For some twenty years I have responded to charges that American tribunals are lax in upholding marriage by, among other things, correlating the jump in American annulment numbers to several changes put into canon law by Rome itself and, more importantly, by arguing that, if pervasive social and catechetical decay really is the danger that intelligent people think it is, then annulment numbers should be rising in response to it. My thesis has earned grudging respect among some very tough tribunal critics—at least among those who think about hard issues instead of simply emoting about them—but, I need hardly say, all of this is complex stuff requiring careful analysis by qualified persons.

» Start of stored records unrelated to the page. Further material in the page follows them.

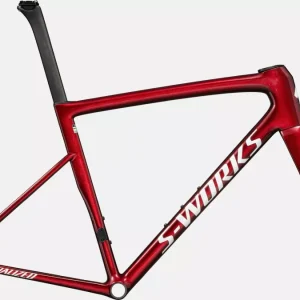 Marco Ruta Specialized SW Tarmac SL8 FrmSet RedSky/MetWhtSil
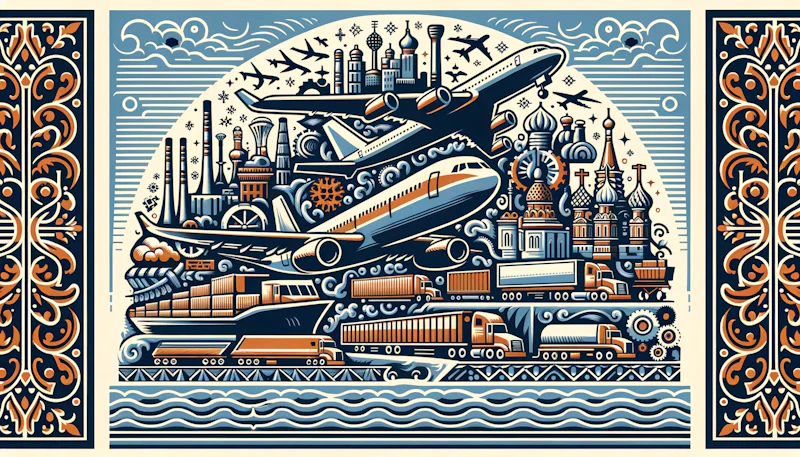 Ulaştırma ve lojistik sektöründe aktif tüm profesyoneller için Rusça kelimeler! İşinizi kolaylaştırmak ve iletişimi güçlendirmek için mutlaka öğrenin!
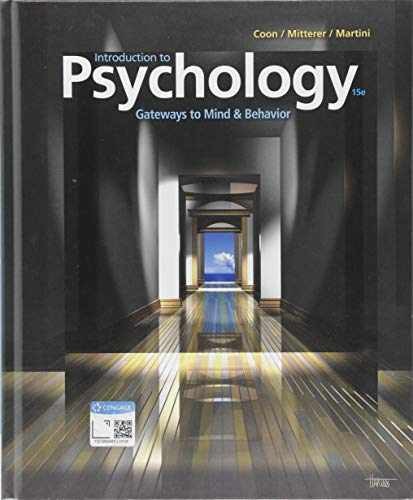 Introduction psychology - introduction, to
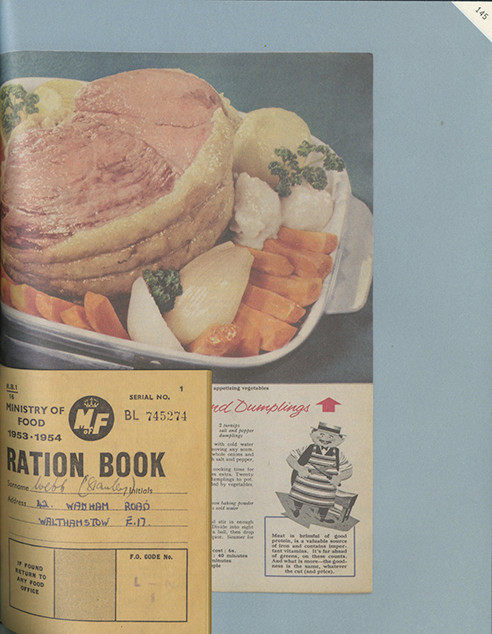 Ration book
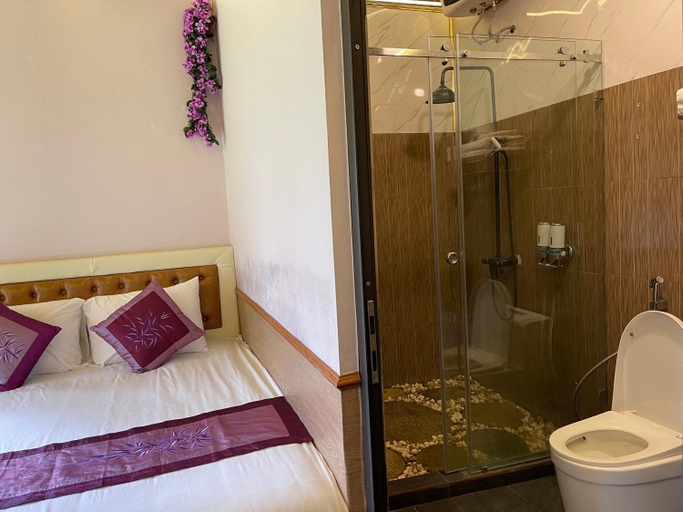 Bathroom 4, Sapa Bamboo Eco, Sa Pa
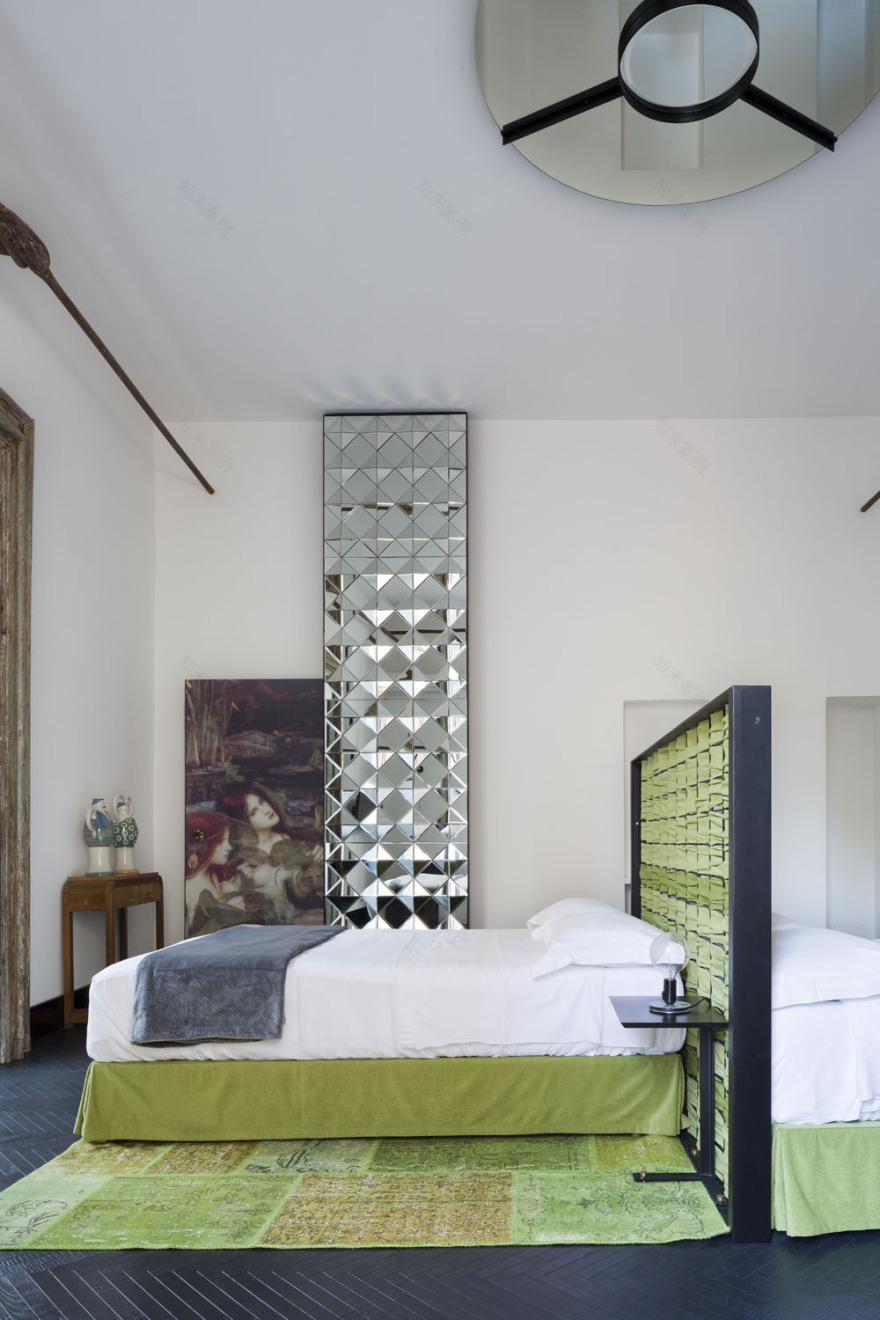 古堡中的豪华别墅设计-10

Yesterday, however, Pope Francis waded into one part of this long-standing controversy with the preposterous claim that “the great majority of our sacramental marriages are null” ostensibly because people do not understand what permanence is. As happens so often when amateurs plunge into technical areas that they do not understand, Francis has taken a very narrow but plausible point—namely, that a rise in marriage nullity can be linked to a drop in social commitment to permanence—and so grossly exaggerated it that, not only has he damaged his credibility in this regard, he risks contributing to the very downward spiral of failed marriages he decries by, in effect, telling struggling Christian couples that their efforts to save difficult marriages (i.e., frankly, just about every marriage I’ve ever seen) are effectively doomed given that the great majority of Christian marriages are (allegedly) already null!
As we have seen before during this papacy, some claim the pope’s remarks were “off-the-cuff” (a description belied by the video of his remarks) and the Vatican Press Office offers an Orwellian rewriting of what the pope plainly said (suggesting how severe the backlash is this time), but the bottom line is, I fear, that the pope has now given the “All Is Lost” crowd exactly what they suspected: proof that the Church is distancing itself from Christ’s hard teaching on the permanence of marriage.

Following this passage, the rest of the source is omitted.